Sometimes, real-estate agents explicitly pitch the driveway as a selling point. In the Beverly Hills post office area of Los Angeles, Lacey and John Williams are selling a 2½-acre double-lot property near Sunset Boulevard for $17.5 million. The two homes on the property, built in the 1920s, will almost certainly be demolished, says listing agent Ben Bacal of Rodeo Realty.
Until then, prospective buyers can admire the roughly 200-foot gated driveway surrounded by olive, lemon and palm trees, and blooms of plumbago flowers.
“You would swear you’re in the middle of the jungle,” says Ms. Williams, 59, who is retired from a modeling agency. Mr. Bacal says a driveway of this length is unusual for the area and appeals to developers looking for privacy close to a major city hub.

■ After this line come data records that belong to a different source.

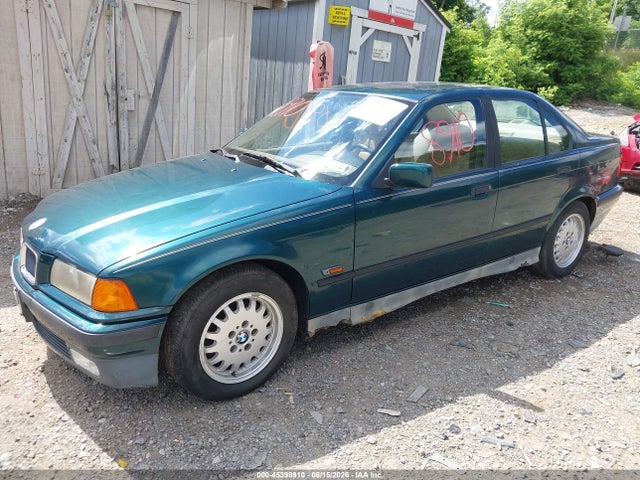 45398910 :رقم المزاد ، WBACB432XRFM00828 vin ، 1994 Bmw 325 I Automatic مزاد بيع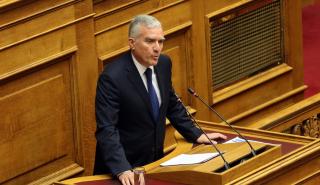 Έφυγε από τη ζωή ο βουλευτής Χανίων της ΝΔ Μανούσος Βολουδάκης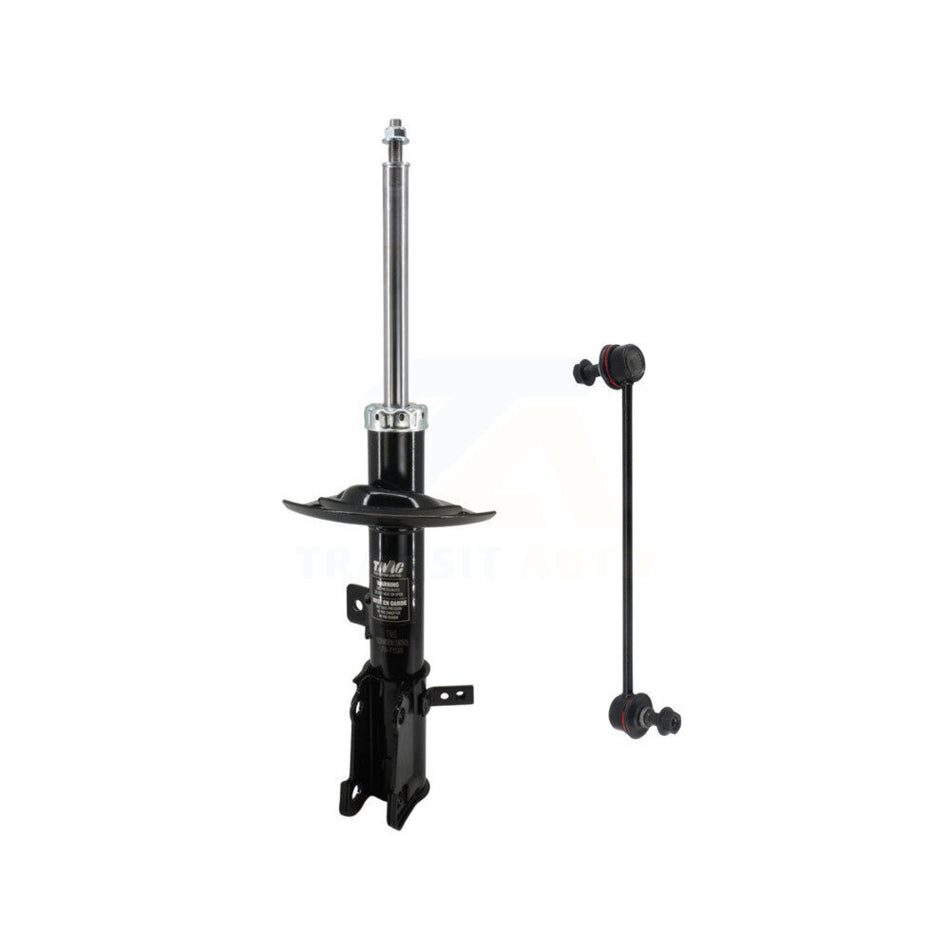 Front Right Strut And TOR Link Kit For Chrysler 200 Dodge Avenger Sebring KSS-106232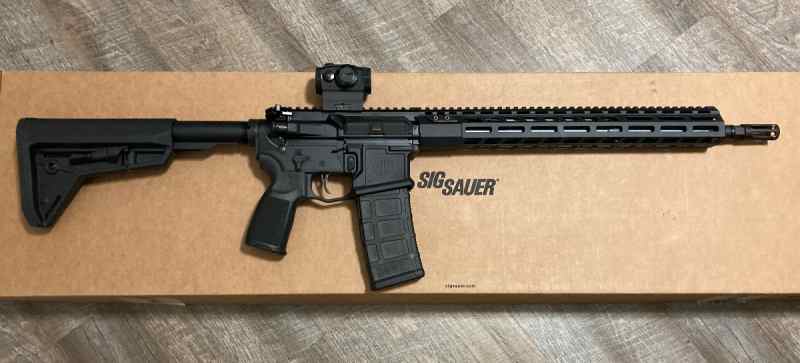 Sig Sauer M400-SDI X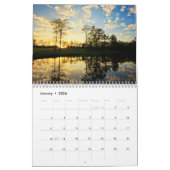 Sunrise Sunset Calendar Kalender (Jan 2026)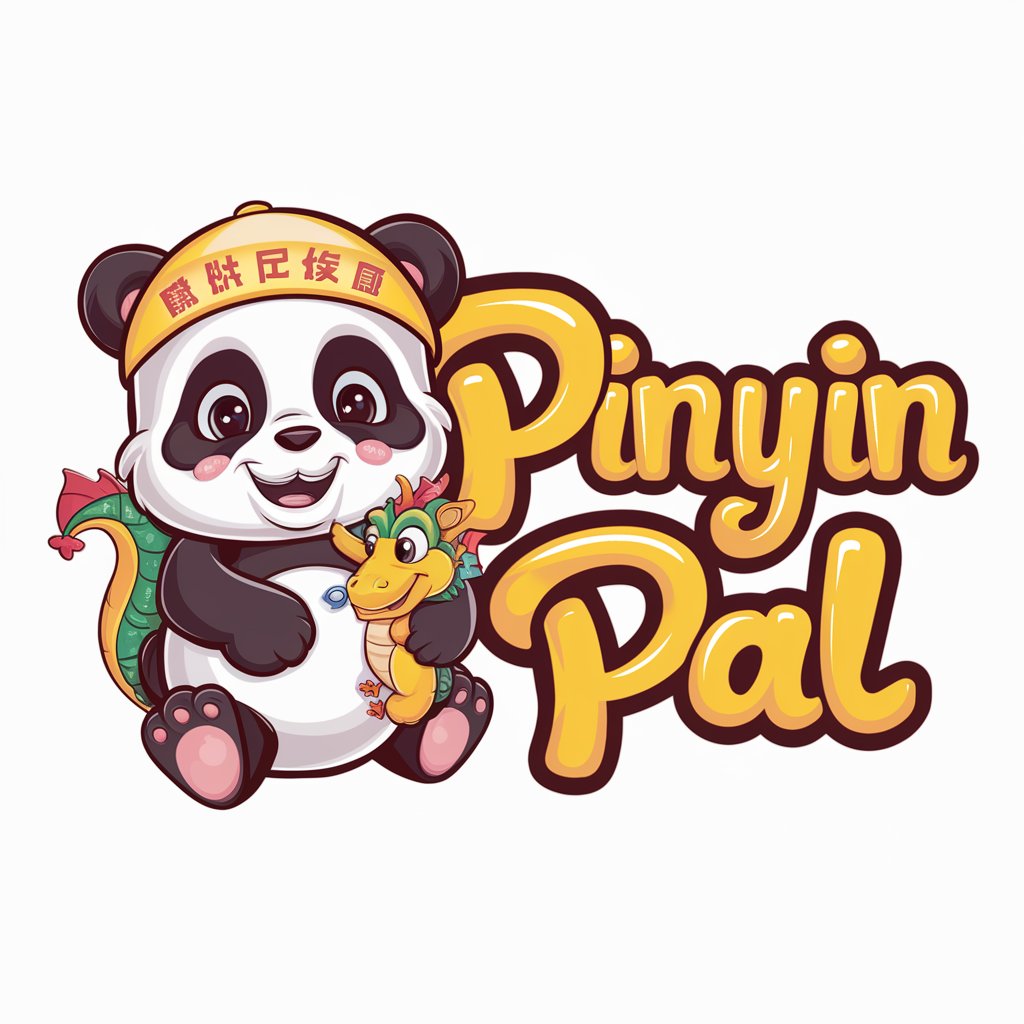 Pinyin Pal in GPT Store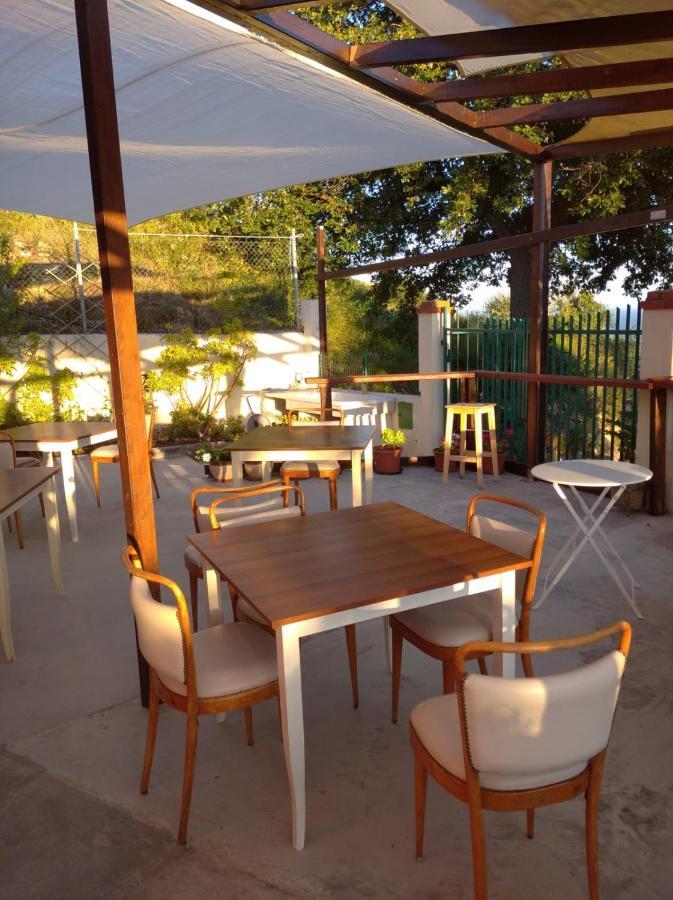 La Quercia Agriturismo 임페리아 외부 사진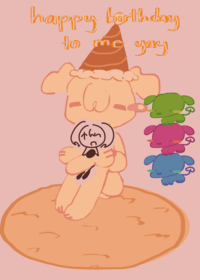u can drag the dogs ok bye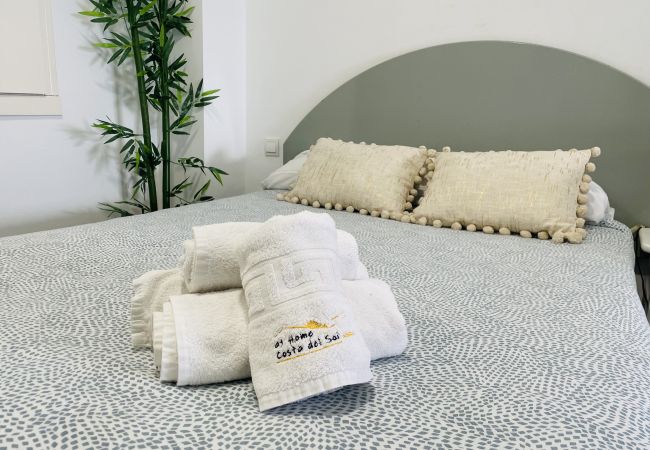 Studio in Nerja - Jimena Carabeo studio in the center of Nerja  Studio in Nerja - Jimena Carabeo studio in the center of Nerja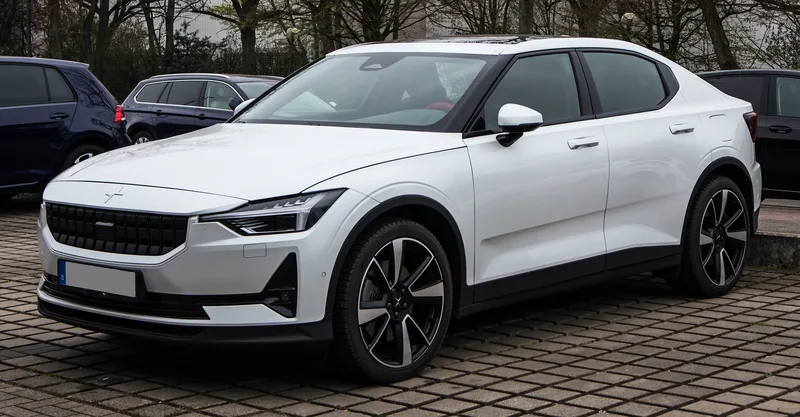 Polestar 2 Long Range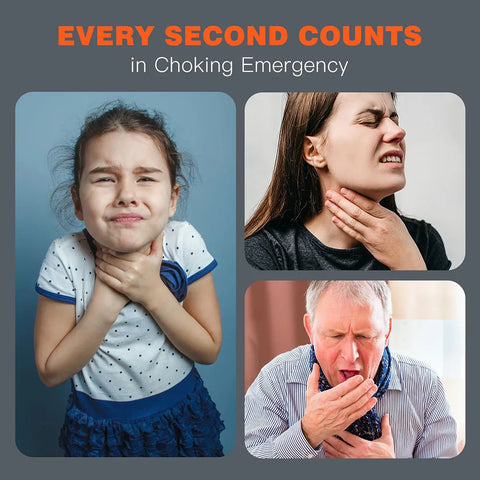 Anti Choking Device - Improve Center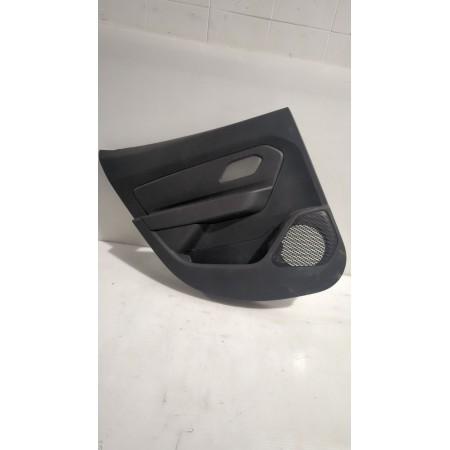 Recambio de guarnecido puerta trasera izquierda para dacia duster (hm_) 1.0 tce 90 referencia OEM IAM 829A15186R  
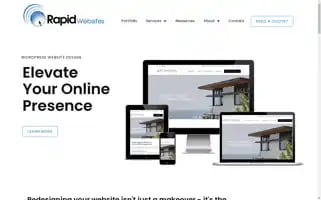 Rapidwebsites.com.au Screenshot 2024-07-03 17:51:26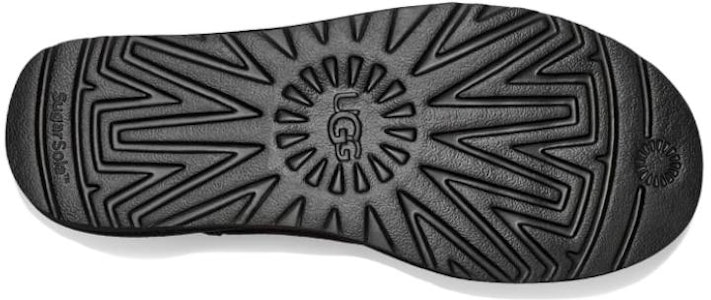 (W) UGG 经典迷你扣带靴 '黑色' 1143937-BLK Shop (W) UGG 经典迷你扣带靴 '黑色' 1143937-BLK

The winding road is part of the sales pitch for Mr. Levin’s Stowe, Vt., compound. “It’s a bit of a magic show,” says listing agent Wade Weathers Jr. of LandVest. “The whole [ride into] the property is an event.”
Mr. Levin and his wife, photographer Petra Levin, bought the property in 1999 for $1.278 million and then spent years transforming the space into a family retreat with features like a minigolf course, a life-size chess board and trails for go-karting and snowmobiles.
The $5 million spent on landscaping and the driveway was just the start: Mr. Levin estimates spending $30 million on the property, including the home, an underground art gallery, photography studio and thousands of trees and shrubs.
Mr. Levin, former chairman of Gold Coast Beverage Distributors, acknowledges that, at $12.5 million, they are selling the home for far less than they put into it, but that his family enjoyed the compound. They are selling now that the children are grown.
Alan Wilzig, on the other hand, built a souped-up roadway to please his inner child. The ¼-mile driveway at his 275-acre property in Taghkanic, N.Y., detours onto a 1.15-mile, 40-foot-wide professional racing circuit.
Mr. Wilzig, 51, a semiprofessional race car driver and former bank chairman, built the Grand Prix track in 2010 at a cost of roughly $7.5 million—roughly half of the $15 million cost for the property. It can’t be rented for commercial use, limiting its ability to defray its cost.
To the average buyer, “one can say it’s a detriment” to devote so much space to the track, Mr. Wilzig says, but he says he uses it whenever he stays at the property. Although he lives in New York City, he hopes to move full time to his Taghkanic home by the end of the year to be closer to his children.
Should he decide to sell, though, he has his pitch: “What better place is there to teach your 16-year-old how to drive?”